Jul. 15--BOSTON -- The Tewksbury School Committee has filed a federal lawsuit against the state's Bureau of Special Education Appeals and the parents of a special-needs student after the state ruled the town must pay for private tutoring at a non-approved tutoring center for the student.

In the lawsuit filed last Thursday, attorney Amy Rogers, on behalf of the Tewksbury School Committee, explained that on Dec. 19, Tewksbury schools convened a team meeting for the annual individual education program review of a student, who is not identified in court papers.

At the meeting the student's mother, Linda Darveau, explained that she and her husband, James Darveau, had been privately paying for their child's tutoring services at the Kumon Center of Tewksbury and she wanted that to continue with the town footing the bill.

The team agreed the child would benefit from tutoring, but refused to agree on the Kumon Center being the provider, according to the lawsuit. The Kumon Center is not approved by the Massachusetts Department of Elementary and Secondary Education to provide special-education services.

The team proposed that the child's IEP include math tutorial services two days per week for 60 minutes, but the services would be provided by school district personnel.
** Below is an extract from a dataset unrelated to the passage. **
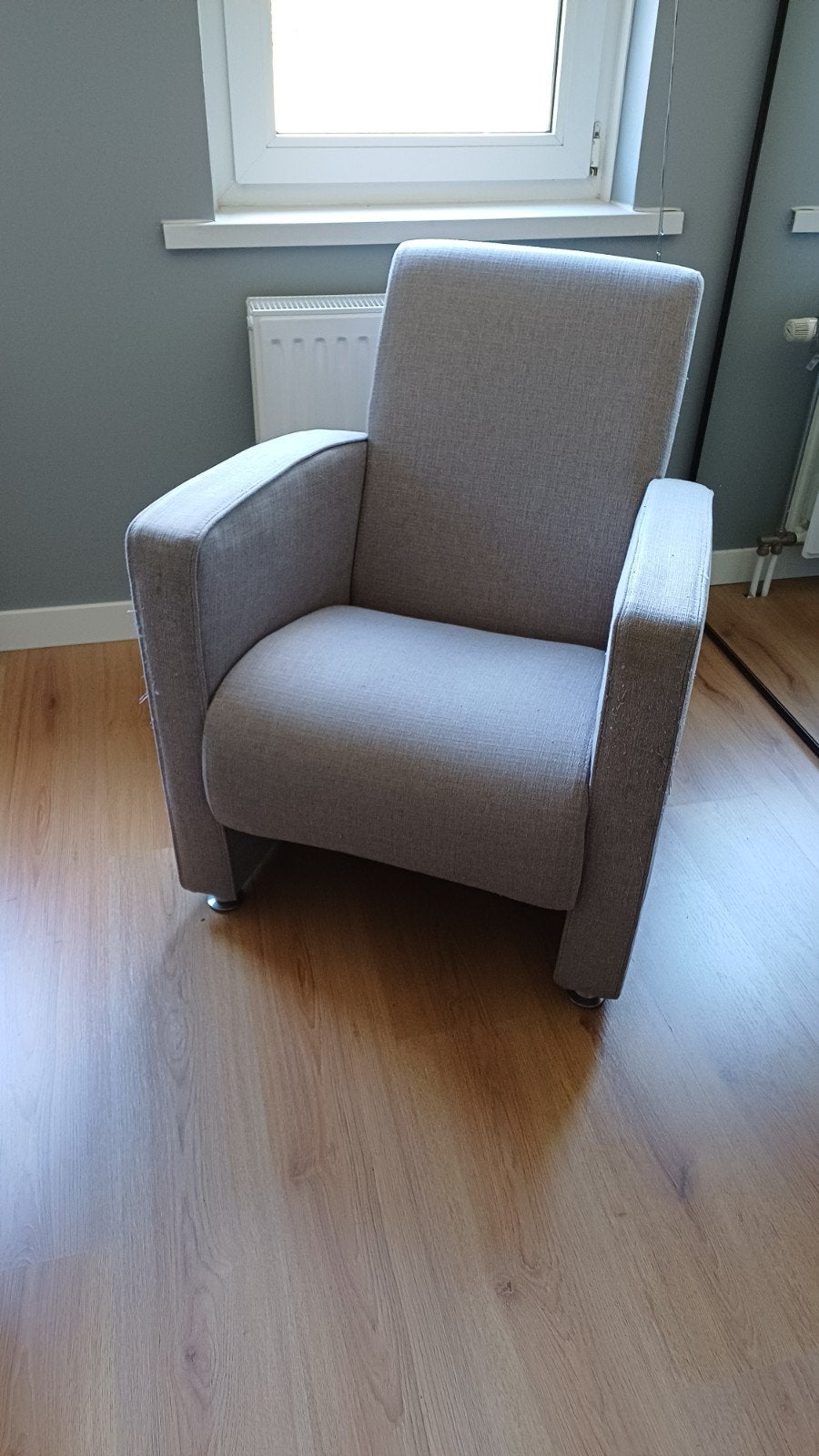 Gratis grijze stoel fauteuil stof, gebruikt, Huis en Inrichting, Fauteuils, Ophalen, Gebruikt, 75 tot 100 cm, Stof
Notes of the meeting allegedly state the parent accepts the change to the IEP but rejects the placement of the tutoring.

Less than a month later, on Jan. 15, the parents filed a request for a

hearing with the Bureau of Special Education Appeals of the Massachusetts Department of Elementary and Secondary Education stating that the team made the decision to include tutoring at the Kumon Center, but the decision was overruled by the town adminstrator.

Rogers, on behalf of the town, denied the allegations and the town filed a response to dismiss the claim, saying that as a matter of law, the school district cannot be required to provide services from a program that is not approved by the DOE.

But on March 27, the Bureau of Special Education Appeals denied the town's objection, and the following month, ordered the town to reimburse the parents for what they had paid for private tutoring from December 2007 and amend the student's educational program to include services to be provide by the Kumon Center with the town paying the bill.

In addition, the decision requires Tewksbury to reimburse the parents for transportation costs from the students school to the Kumon Center.

Rogers did not return an inquiry to her office about the costs to the school district and the Darveaus could not be reached for comment.

A spokesman for the state Department of Education said the DOE does not comment on Bureau of Special Education Appeals' cases.

In its decision, the BSEA wrote that "both parties agree that the team discussed the child's need for math tutoring, agreed that tutoring he was doing at Kumon was benefiting him and determined the amount of math tutoring that the child needed by calculating the amount of tutoring the child was receiving at Kumon."

In addition, the documents state that the team did not discuss any aspects of the math tutoring, including who would deliver the tutoring, what the tutor would do or the qualifications of the tutor.

"The preponderance of the evidence shows that the team members agreed the child should receive math tutoring at Kumon, but were prevented from including their recommendations ... because they were not allowed to make team decisions for outside services without approval from the administration," the BSEA wrote.

"Tewksbury's actions significantly impeded the mother's opportunity to participate in the decision-making process ... therefore the parents are entitled to reimbursement," according to the decision.

The child's mother also showed that the math tutoring the child receives at Kumon is appropriately responsive to his special needs and that he has benefited educationally, the decision states.